Cost: $1.25 million
Finch Fieldhouse (and the adjoining athletic complex) was one of the first major construction projects undertaken by Central during the construction boom following the Second World War. As the number of students on campus swelled in the late 1940s, the need for a larger and more fully equipped athletic facility became apparent. In early 1944, President Anspach announced plans for the future planning and construction of a new gymnasium and field house. At a cost of over one million dollars, the new field house and gymnasium complex would have to wait until 1949 for final approval of funding and plans.
Designed by Roger Allen of Grand Rapids, the building's construction contract was awarded to the Storm Construction Company, also of Grand Rapids. The Hertel Company was responsible for installation of the plumbing and electrical work was completed by the Kirkhoff Company. The building was planned for the east side of Franklin Street north of Preston, and a number of existing homes were moved in preparation for the construction. Among the homes that were moved were several belonging to Central faculty, one of which became the future practice house for the Department of Home Economics.
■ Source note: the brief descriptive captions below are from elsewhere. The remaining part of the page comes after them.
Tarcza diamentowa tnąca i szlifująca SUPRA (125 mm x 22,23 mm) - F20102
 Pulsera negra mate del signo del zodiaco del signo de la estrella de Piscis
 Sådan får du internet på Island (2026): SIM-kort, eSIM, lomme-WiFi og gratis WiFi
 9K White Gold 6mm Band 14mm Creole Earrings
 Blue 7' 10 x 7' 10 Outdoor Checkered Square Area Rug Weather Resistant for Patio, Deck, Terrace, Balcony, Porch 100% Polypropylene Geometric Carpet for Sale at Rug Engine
The total cost for the entire project was over one million dollars and construction began in early 1950. At an official ceremony on March 16, 1950, President Anspach helped lay the cornerstone of the new building, which contained a copper box with information about Central and the City of Mt. Pleasant at the time of construction. The new Health and Physical Education Building was completed by the fall of 1951. University and state officials dedicated the new building, as well as the newly completed Wightman Hall, in October 1951. At the dedication ceremony, Michigan Senator Frank Heath congratulated Central for coming in under budget on the project. The principal architect, Roger Allen, also designed many buildings on campus and made a speech at the dedication ceremony, in which he stated that the gym and field house was his favorite project.
The largest building on campus at the time of its opening, the Health and Physical Education Building was one of the best equipped athletic facilities in the state. The building itself was 340 feet long by 288 feet wide. The field house alone was 263 feet by 138 feet with room for 4,000 seats. The project included the construction of parking facilities on the north and east sides of the building and the placement of nine concrete tennis courts to the south of the building; an area that is now a commuter parking lot.
The facilities within were also impressive. The complex featured a basketball court which was lit by floodlights and had permanent seating and a press box. In the opposite wing was a smaller gymnasium complex that was four times the size of the previous gym and would be used for athletic instruction. Boxing and wrestling rooms were located in the basement. The building also housed a 75 x 30 ft. pool that had a maximum depth of 15 feet and seating for 350 spectators. By early October 1951, the basketball team was practicing on its new court. The basketball team played the official dedication game on December 1, 1951, in which it upset the University of Michigan.
The building was renamed the Ronald W. Finch Health and Physical Education Building on October 20, 1962 at a ceremony that featured speeches from several University officials and the unveiling of the identifying letters on the building. Ronald W. Finch was the head of the Physical Education department from 1942 to 1959. He was born on October 19, 1902 in Howard City. He graduated from Rockford High School. Before coming to Central as a faculty member, he taught high school for twelve years, teaching in Clare, Lowell, St. Joseph, and Saginaw. He received his Bachelor of Science from Central in 1932 and his Master of Arts from Columbia in 1941. Finch joined the Central faculty in 1937. He was the head track and football coach until 1946. He became the first dean of the college of Health, Physical Education, and Recreation when it was formed in 1959. He and his wife Bernice had three sons.